Starting at the line below with "Cool Fun Unique" and stopping at the line with "Lynlalin เสื้อไหมพรมเกาหลี ทรงผีเสื้อ", please print each line exactly, those two included, and skip every picture.

• **DATASET EXCERPTS**
-.-.-

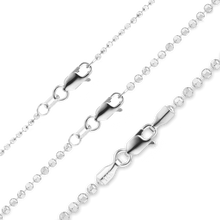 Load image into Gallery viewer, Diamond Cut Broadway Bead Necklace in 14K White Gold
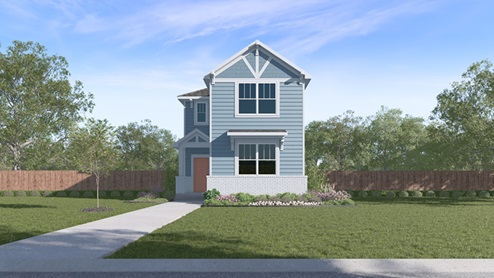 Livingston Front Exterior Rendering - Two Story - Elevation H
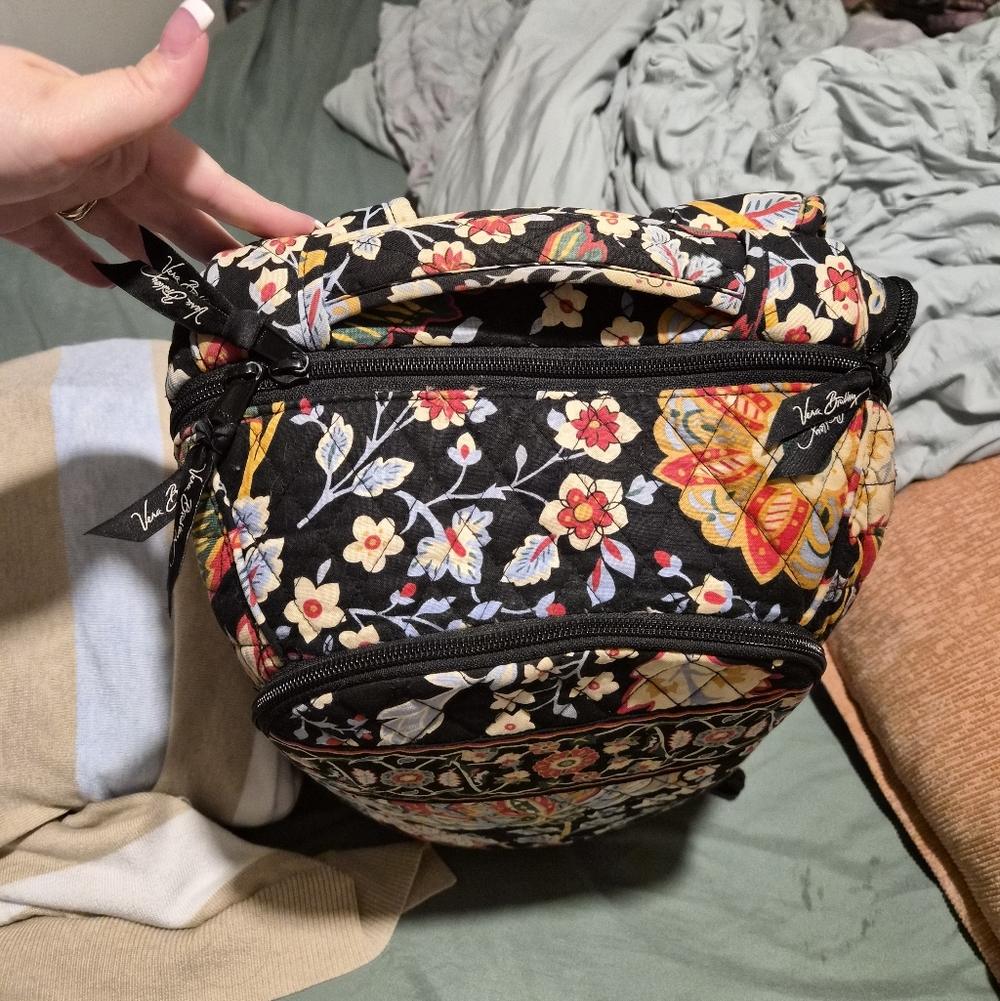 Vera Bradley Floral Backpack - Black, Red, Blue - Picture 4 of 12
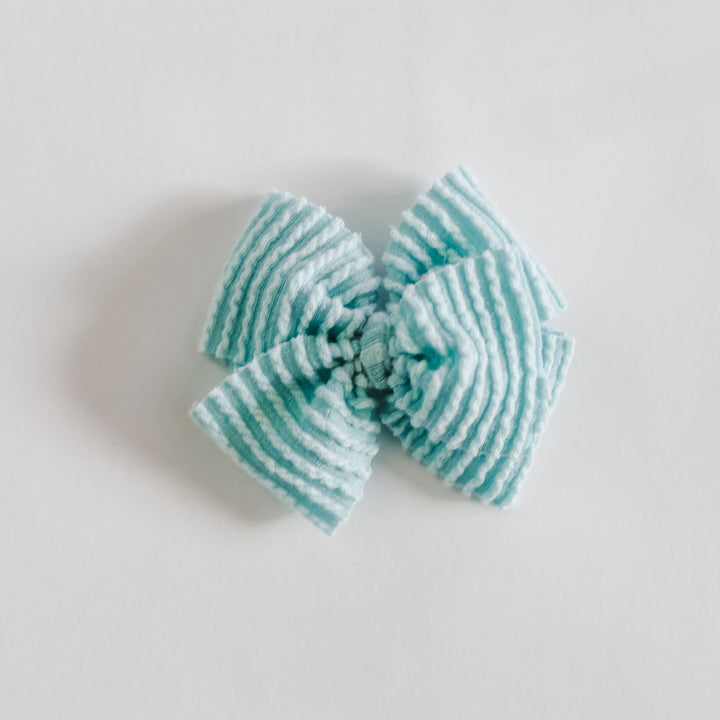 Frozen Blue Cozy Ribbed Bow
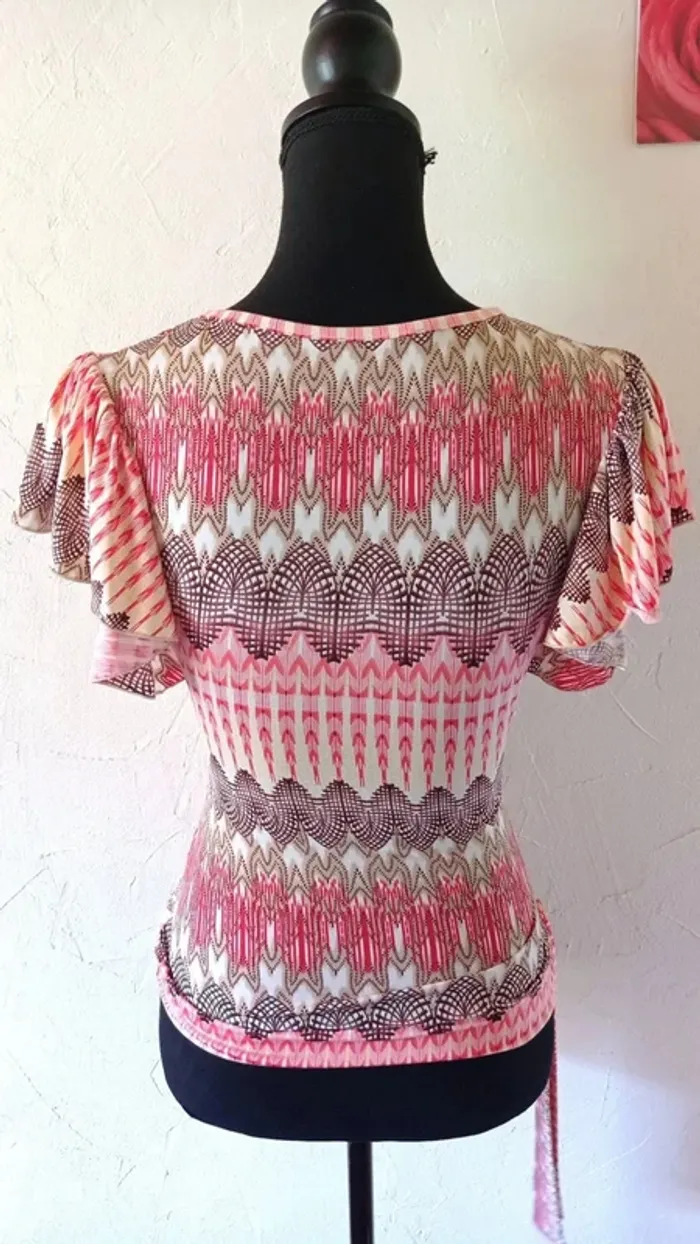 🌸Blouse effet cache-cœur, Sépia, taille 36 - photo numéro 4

-.-.-

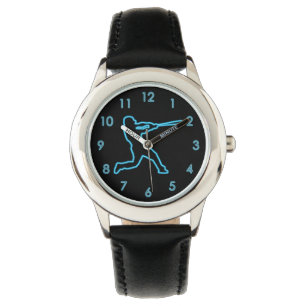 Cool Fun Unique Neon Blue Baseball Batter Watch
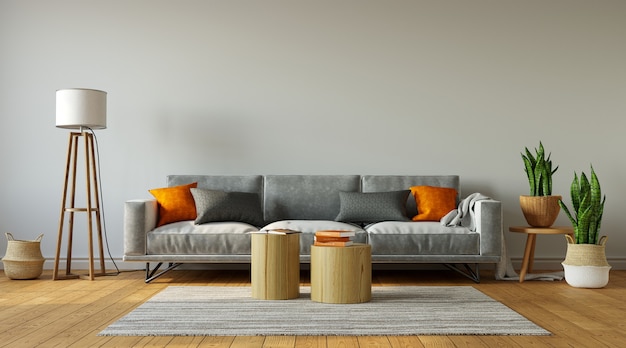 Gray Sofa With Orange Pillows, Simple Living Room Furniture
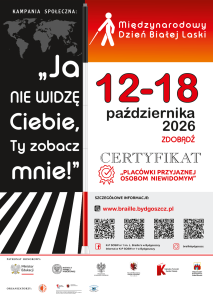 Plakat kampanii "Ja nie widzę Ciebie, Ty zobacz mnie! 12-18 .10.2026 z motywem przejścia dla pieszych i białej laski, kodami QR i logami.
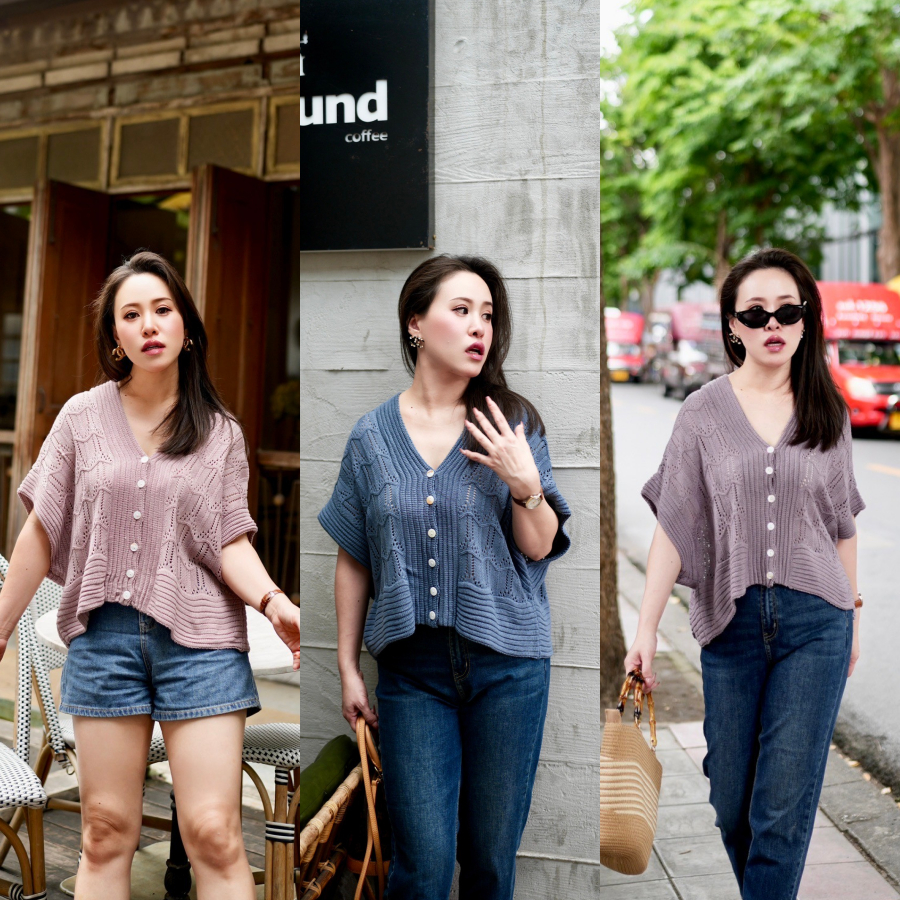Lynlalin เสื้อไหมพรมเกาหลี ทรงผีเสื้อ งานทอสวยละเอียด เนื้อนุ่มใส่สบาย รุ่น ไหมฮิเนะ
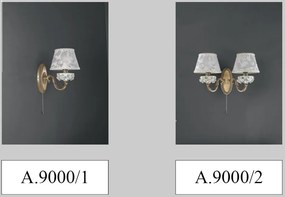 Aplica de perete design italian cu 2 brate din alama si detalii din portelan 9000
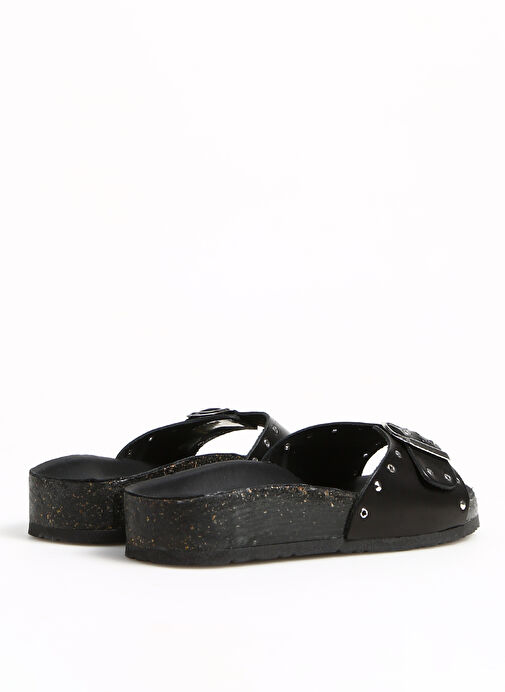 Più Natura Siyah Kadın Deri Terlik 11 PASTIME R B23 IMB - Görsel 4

-.-.-

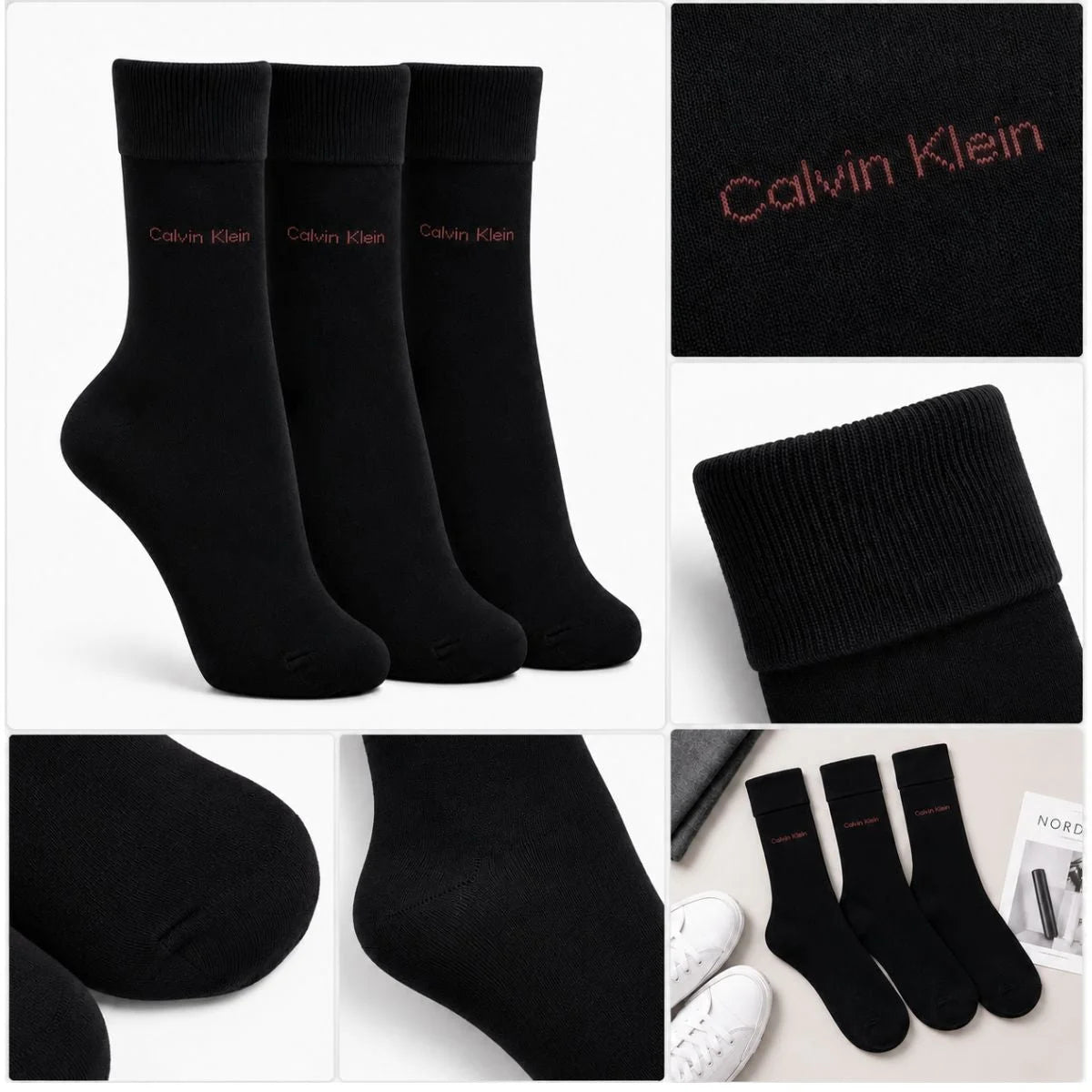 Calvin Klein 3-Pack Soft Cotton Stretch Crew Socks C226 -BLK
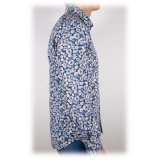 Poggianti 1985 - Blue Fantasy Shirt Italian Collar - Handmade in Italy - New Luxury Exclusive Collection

-.-.-

• **ANSWER SPACE**
 Cool Fun Unique Neon Blue Baseball Batter Watch
 Gray Sofa With Orange Pillows, Simple Living Room Furniture
 Plakat kampanii "Ja nie widzę Ciebie, Ty zobacz mnie! 12-18 .10.2026 z motywem przejścia dla pieszych i białej laski, kodami QR i logami.
Lynlalin เสื้อไหมพรมเกาหลี ทรงผีเสื้อ งานทอสวยละเอียด เนื้อนุ่มใส่สบาย รุ่น ไหมฮิเนะ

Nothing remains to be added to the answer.